I loved our 1936 Spanish-style home in Los Angeles the moment I saw it. Everything about it felt just right — especially the deco-period details that lent so much character and charm.
However, within about a year after closing on this two-bedroom home with just one full bathroom, we found out I was expecting twins. That meant the bathroom would have to be fully functional for a modern-day family. For instance, while we loved the charm and authenticity of the room, we needed to bathe babes in a bath with water that ran clear instead of brown.
So in my second trimester, we spent more than six weeks out of our house, living with parents and in-laws and traveling out of town while we waited for our bathroom remodel to be complete. Here’s what we did.
Black and white inspiration
While browsing open houses in our historic neighborhood, I’d spied a neighbor’s black-and-white vintage-inspired bathroom that became my own design inspiration. I loved how they’d stayed true to the 1930s aesthetic, but the room also felt fresh and modern. My mother-in-law, Linda Rosen of Linda Rosen Interiors, helped us execute the concept.

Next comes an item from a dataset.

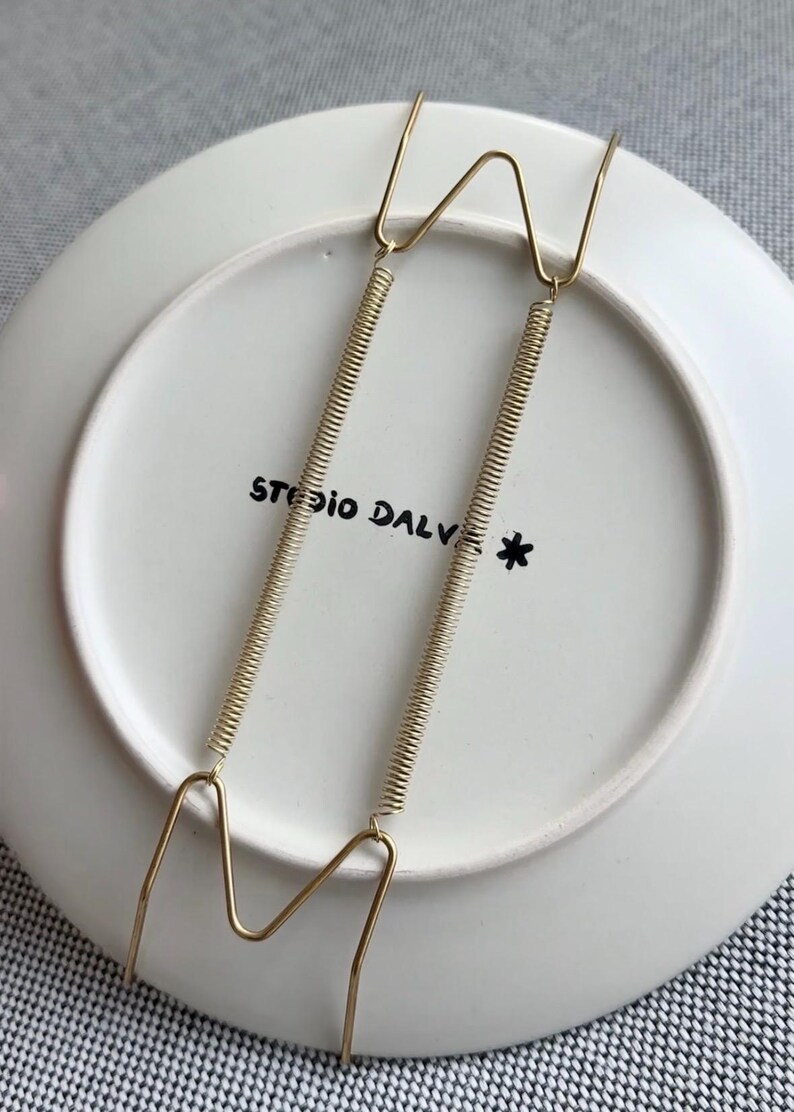 wall plate with hanger decorative plate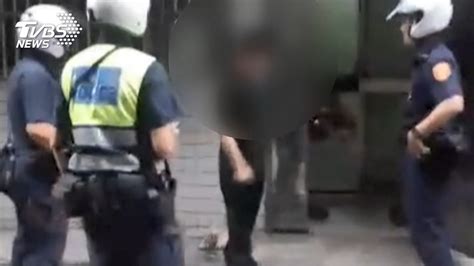 爆口角持刀砍兄！ 20快打警封街逮人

The lighting fixtures (double sconce and flush-mount ceiling fixture) are American-made vintage reproductions from our favorite local lighting shop: Rejuvenation. (I finally have enough light to tweeze eyebrows and put on makeup effectively: longtime personal life goal!) I’d consider those a bit of a splurge.

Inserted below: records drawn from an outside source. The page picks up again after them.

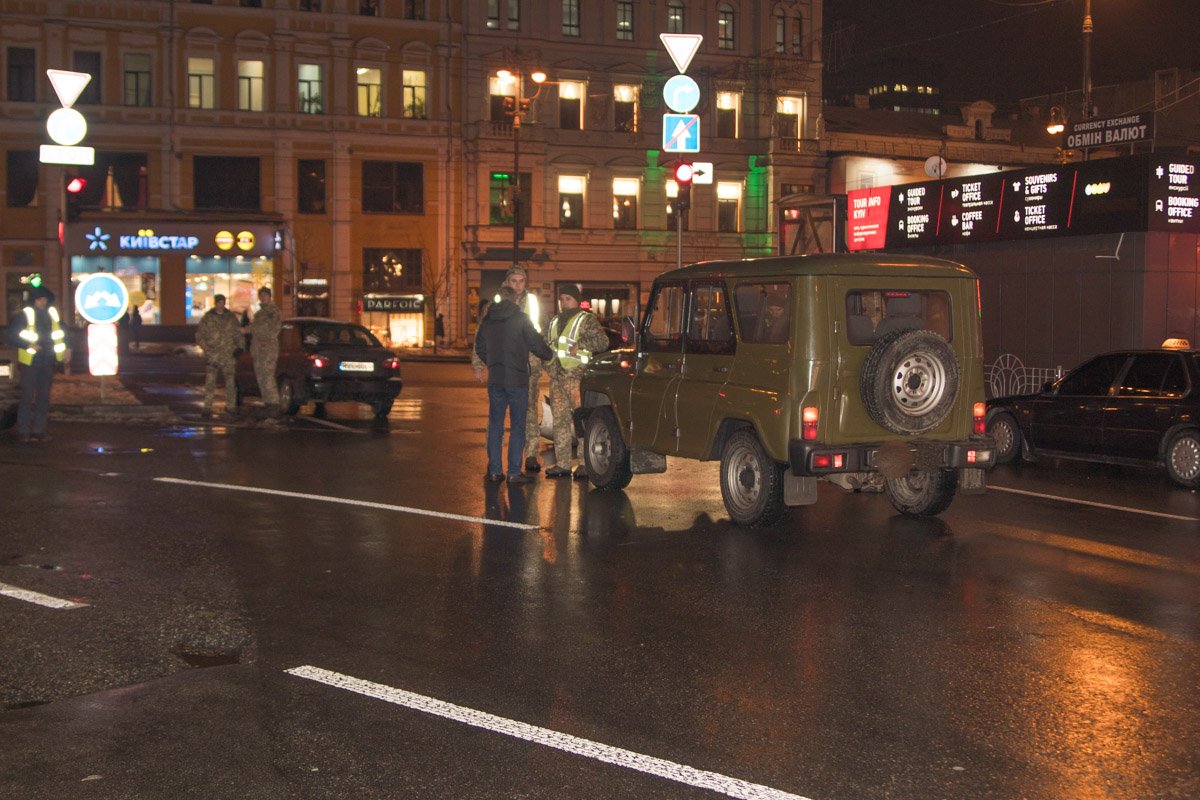 На Бессарабской площади произошло ДТП На Бессарабской площади произошло ДТП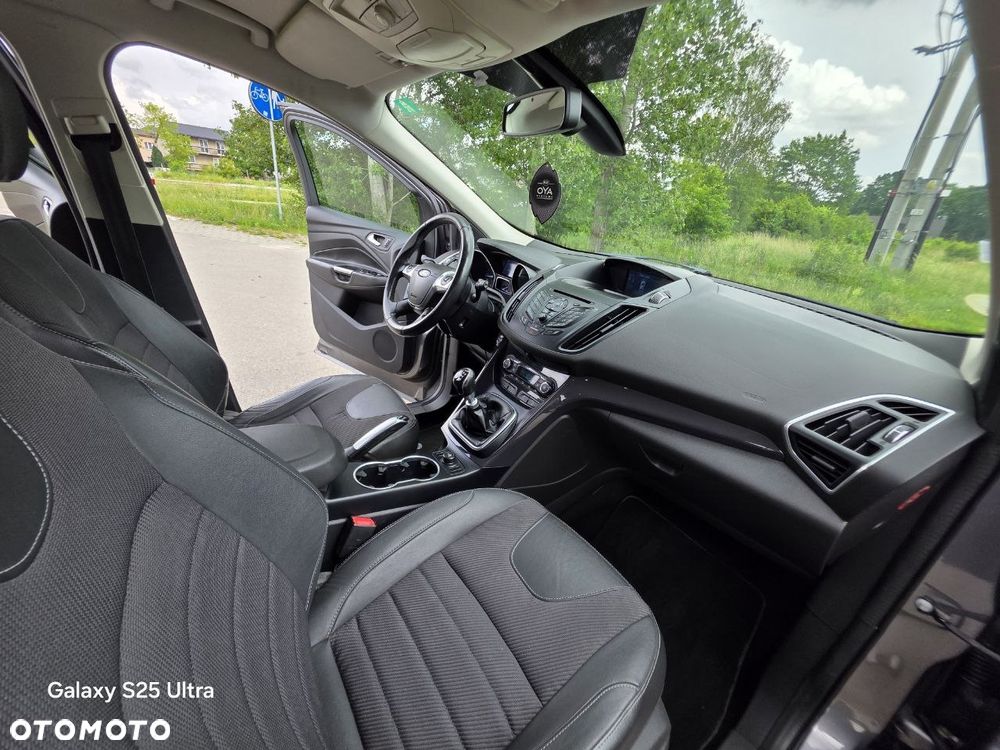 Ford Kuga 2.0 TDCi 4x4 Titanium - 25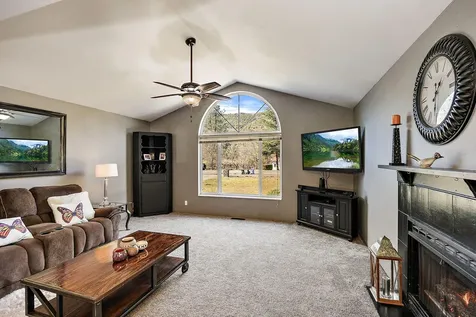 1595 Rogue River Highway Gold Hill OR 97525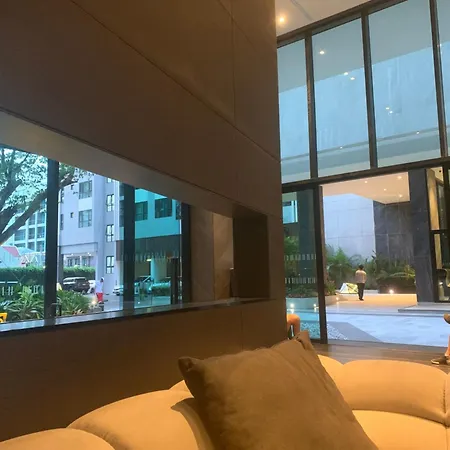 The Base 24 H Service Apartment Pattaya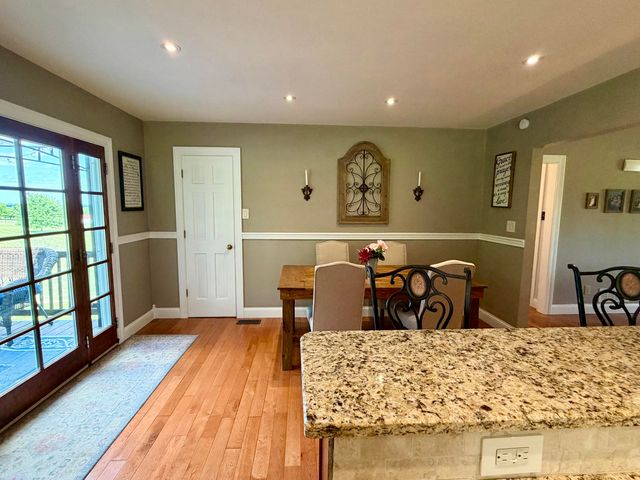 5865 Van Meter Road, Winchester, KY 40391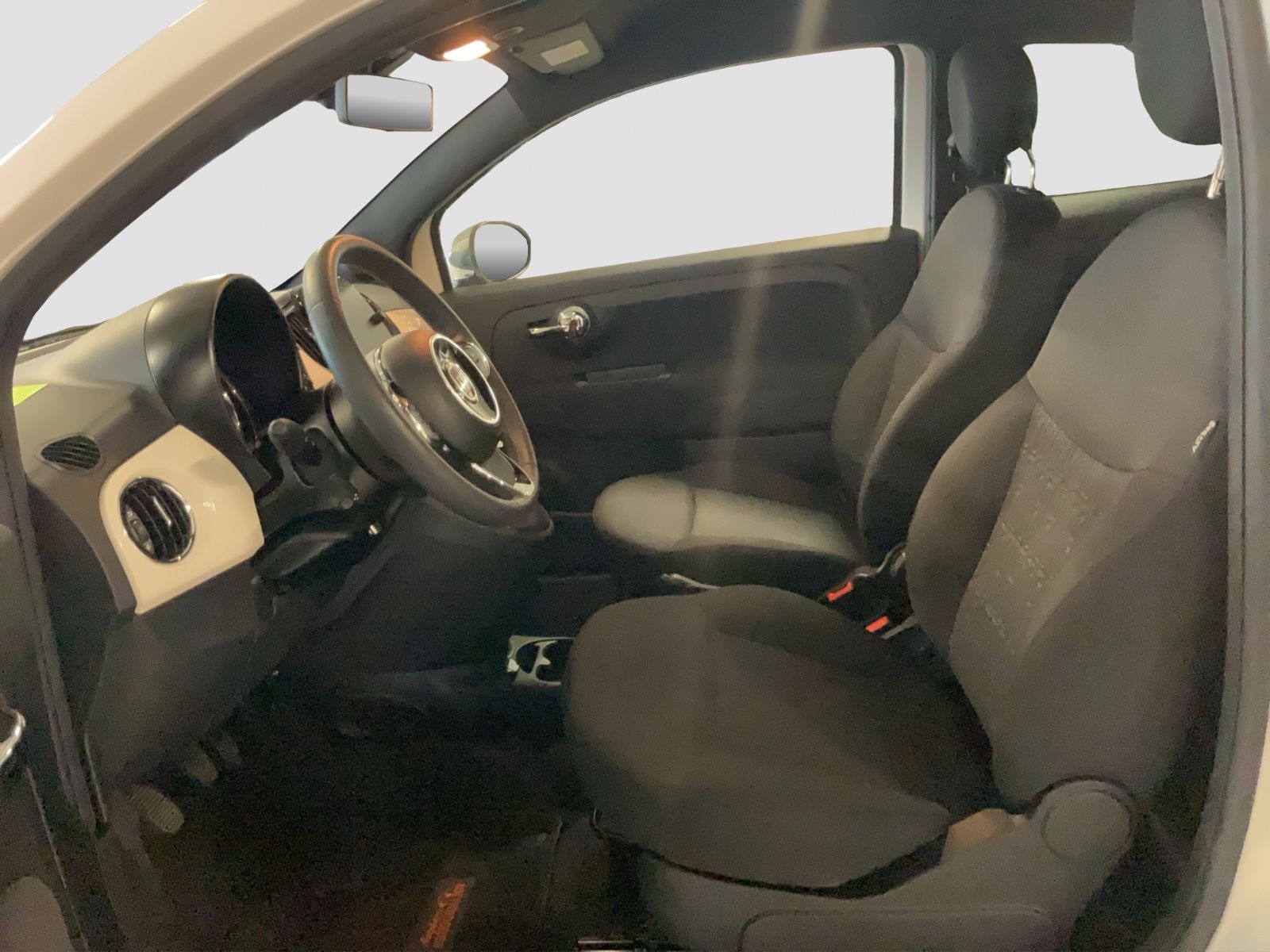 Fahrzeugabbildung Fiat 500 1.0 Hybrid Alufelgen, PDC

But we did save on other details, like glass hardware from House of Antique Hardware — so pretty and a fraction of standard retail prices. That black-framed mirror (and the sunburst mirror decor piece from West Elm) hung in our previous bathroom too.

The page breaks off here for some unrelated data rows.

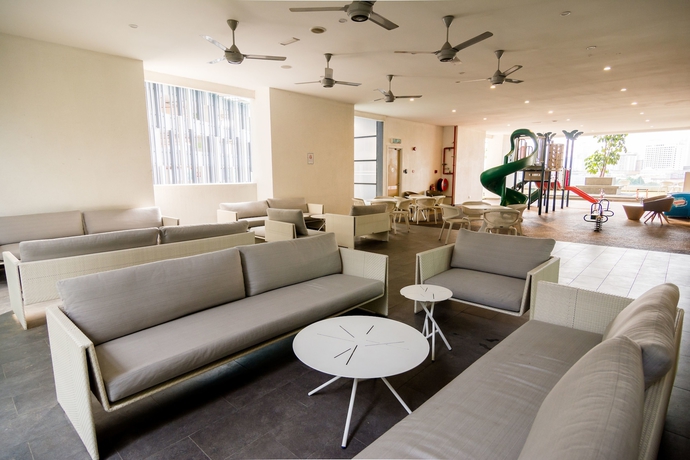 Imagen del bar/restaurante del Hotel 188 Suites By Namastay. Foto 3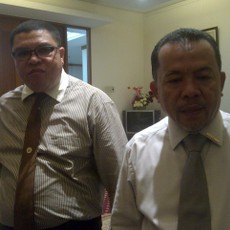 Pengacara Udar Pristono Datangi Balai Kota, Ribut Ingin Ketemu Ahok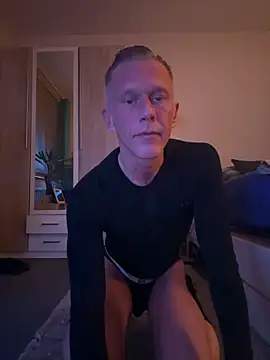 Snapshot of slaveboy2016@xh chatting on February 26, 11:52 pm slaveboy2016xh online show from February 26, 11:52 pm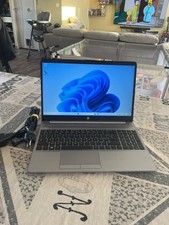 (48) pc portable hp 255 g8 amd ryzen 3 3250u 8go RAM 256go SSD Windows 11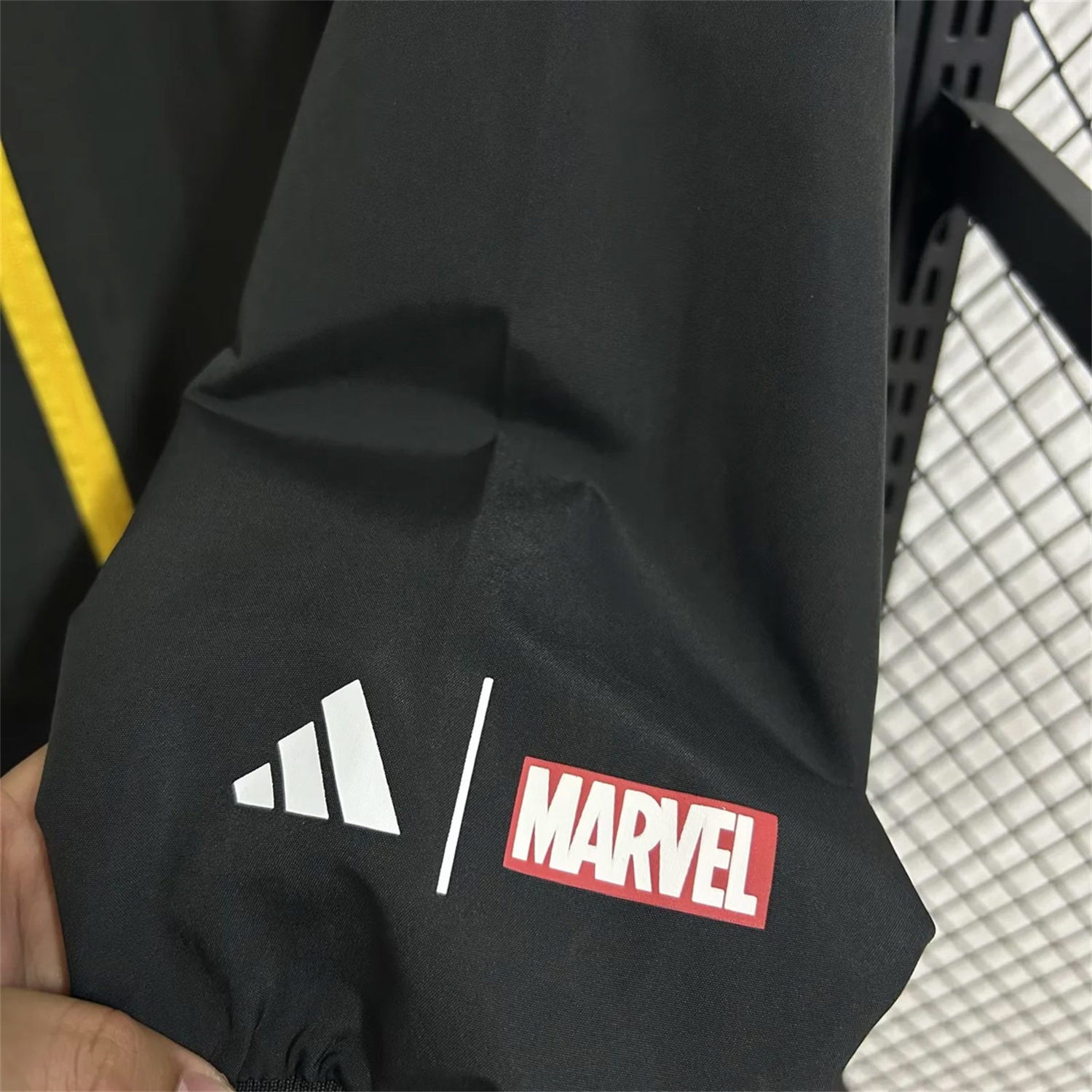 Real Madrid 25-26 Windbreaker Jacket - Black - Unitedfutballjersey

I picked black and white bathroom accessories from Pottery Barn that seemed as pretty as they are useful.
Yes, we anticipated the push-back from vintage purists — one friend even told me our plans were “a crime against Los Angeles.” But here’s the thing: Nobody wants old, stinky plumbing and cracked tile (some of which had been clearly replaced with mismatching pieces in the ‘80s or so). It’s a recipe for a future buyer walking through this house and thinking “teardown,” as part of the “mansionization” phenomenon that is so rampant — and so controversial — in our part of town. Then it’s curtains for the whole house.
We reasoned that a new bathroom in keeping with a vintage style would not only be functional and comfortable for our family, but also might give it 80 more years of functionality for future families.
Most of all, we needed a space that worked. After all, a house is not a museum, but a living, breathing presence in a family’s life.
Rearranging the layout
We moved the window over the tub; the window that had hung over the left side of the sink had appeared way off center since the 1970s, when an adjacent half-bathroom addition forced the removal of its counterpart window on the right side.
We added some size in the shower by building a bench seat on the tub deck, and removing the decorative arched wall enclosure around the tub, which had made the room seem both smaller and darker.
But my most favorite detail overall? It has to be the vintage-inspired tile pattern on the floor, which also echoes in the striping on the tiled walls.